Set out the listing word for word. End with the line that contains "Rapçi J-Juice WRLD".

/---

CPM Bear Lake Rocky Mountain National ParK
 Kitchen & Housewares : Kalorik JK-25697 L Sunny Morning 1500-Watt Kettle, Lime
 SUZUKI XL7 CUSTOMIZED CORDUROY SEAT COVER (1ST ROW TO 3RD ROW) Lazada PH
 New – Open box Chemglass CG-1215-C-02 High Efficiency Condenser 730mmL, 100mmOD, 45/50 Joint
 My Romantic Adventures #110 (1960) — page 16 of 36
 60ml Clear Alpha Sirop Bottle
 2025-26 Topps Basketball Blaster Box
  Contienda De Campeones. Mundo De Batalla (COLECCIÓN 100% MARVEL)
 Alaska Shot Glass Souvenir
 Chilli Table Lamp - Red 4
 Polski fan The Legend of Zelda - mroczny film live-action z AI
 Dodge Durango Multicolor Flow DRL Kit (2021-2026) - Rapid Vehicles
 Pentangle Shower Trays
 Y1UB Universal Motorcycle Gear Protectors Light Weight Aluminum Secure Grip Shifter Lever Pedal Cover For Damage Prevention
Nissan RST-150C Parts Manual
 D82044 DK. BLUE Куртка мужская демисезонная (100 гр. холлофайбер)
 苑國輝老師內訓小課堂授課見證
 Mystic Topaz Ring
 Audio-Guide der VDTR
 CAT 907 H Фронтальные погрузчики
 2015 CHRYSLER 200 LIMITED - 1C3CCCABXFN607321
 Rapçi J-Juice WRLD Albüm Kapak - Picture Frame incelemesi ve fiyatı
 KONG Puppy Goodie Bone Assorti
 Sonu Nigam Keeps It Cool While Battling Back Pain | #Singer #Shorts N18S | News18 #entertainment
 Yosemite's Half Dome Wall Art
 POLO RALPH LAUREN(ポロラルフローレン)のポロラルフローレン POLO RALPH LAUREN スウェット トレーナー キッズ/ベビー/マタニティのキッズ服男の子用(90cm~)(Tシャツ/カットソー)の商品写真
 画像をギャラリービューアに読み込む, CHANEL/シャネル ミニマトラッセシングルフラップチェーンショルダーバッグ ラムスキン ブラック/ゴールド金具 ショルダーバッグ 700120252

\---

Task answer:
CPM Bear Lake Rocky Mountain National ParK
 Kitchen & Housewares : Kalorik JK-25697 L Sunny Morning 1500-Watt Kettle, Lime
 SUZUKI XL7 CUSTOMIZED CORDUROY SEAT COVER (1ST ROW TO 3RD ROW) Lazada PH
 New – Open box Chemglass CG-1215-C-02 High Efficiency Condenser 730mmL, 100mmOD, 45/50 Joint
 My Romantic Adventures #110 (1960) — page 16 of 36
 60ml Clear Alpha Sirop Bottle
 2025-26 Topps Basketball Blaster Box
  Contienda De Campeones. Mundo De Batalla (COLECCIÓN 100% MARVEL)
 Alaska Shot Glass Souvenir
 Chilli Table Lamp - Red 4
 Polski fan The Legend of Zelda - mroczny film live-action z AI
 Dodge Durango Multicolor Flow DRL Kit (2021-2026) - Rapid Vehicles
 Pentangle Shower Trays
 Y1UB Universal Motorcycle Gear Protectors Light Weight Aluminum Secure Grip Shifter Lever Pedal Cover For Damage Prevention
Nissan RST-150C Parts Manual
 D82044 DK. BLUE Куртка мужская демисезонная (100 гр. холлофайбер)
 苑國輝老師內訓小課堂授課見證
 Mystic Topaz Ring
 Audio-Guide der VDTR
 CAT 907 H Фронтальные погрузчики
 2015 CHRYSLER 200 LIMITED - 1C3CCCABXFN607321
 Rapçi J-Juice WRLD Albüm Kapak - Picture Frame incelemesi ve fiyatı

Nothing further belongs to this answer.